One problem was that when I arrived in Yoshkar-Ola, the capital of Mari-El, I was told by the local ethnographer partner that the census office would not allow me to accompany their teams—despite the instruction to cooperate from the ministry in Moscow. Instead, I spent the week interviewing local officials, politicians and journalists.
I was arrested an hour before I was due to meet with the leader of the local Mari national revival movement. The Mari are a Finno-Ugric minority, some 600,000 strong. They have their own republic, but it is tightly controlled by Moscow, and they fear that the Mari language (which is related to Finnish) is being displaced by Russian.
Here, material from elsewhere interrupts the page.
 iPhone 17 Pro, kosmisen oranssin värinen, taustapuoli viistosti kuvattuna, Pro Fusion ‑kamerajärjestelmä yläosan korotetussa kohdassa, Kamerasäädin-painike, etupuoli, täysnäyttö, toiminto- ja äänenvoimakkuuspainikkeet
Interviewing the local officials, I realized how swiftly Vladimir Putin had moved since becoming president in 2000, appointing former FSB and military men to staff regional offices and restore central authority—the “power vertical.” That proved to be the most important finding from my fraught research trip, one that is still relevant to understanding the dynamics of Putin’s Russia today. At 6:00 PM, the FSB officers took me to the train, as promised. The older one waved me off and actually said, apparently without irony, “Come back and see us sometime.”
When I related all this to my colleagues in Moscow, they said I had done the right thing. Presumably, the local FSB did not have permission to arrest me, but they could now file a report and demonstrate their vigilance in defending the Motherland. In 2002, Putin was still in his honeymoon period wooing Western allies; but the Chechen war was grinding on and Islamist terrorism was a real threat. Academic researchers in Russia have often had similar experiences. Usually, the pretext was a violation of your visa regime—such as doing archival research while traveling on a tourist visa.
I said nothing about this incident for 20 years. But it came back to me when I learned of the March 29 arrest of Wall Street Journal reporter Evan Gershkovich in Ekaterinburg. It was the first arrest of a Western journalist since the detention of Nicholas Daniloff in 1986. Gershkovich has been held in Moscow’s Lefortovo prison for over 150 days. On August 26, his detention was extended until November 30. He was presumably detained in order to be exchanged for some high-value Russian prisoner in the US. His trial will probably be in secret, so until he is released we may not know whether they planted evidence of espionage on him, or if he was arrested just for doing his job—interviewing local sources about the state of the economy.
Gershkovich’s arrest is just one more piece of evidence that Russia’s security services are out of control, violating norms of civilized behavior, and so desperate in their efforts to prove Russia is still a “great power” that they need to arrest innocent Americans to demonstrate the might of the Russian state.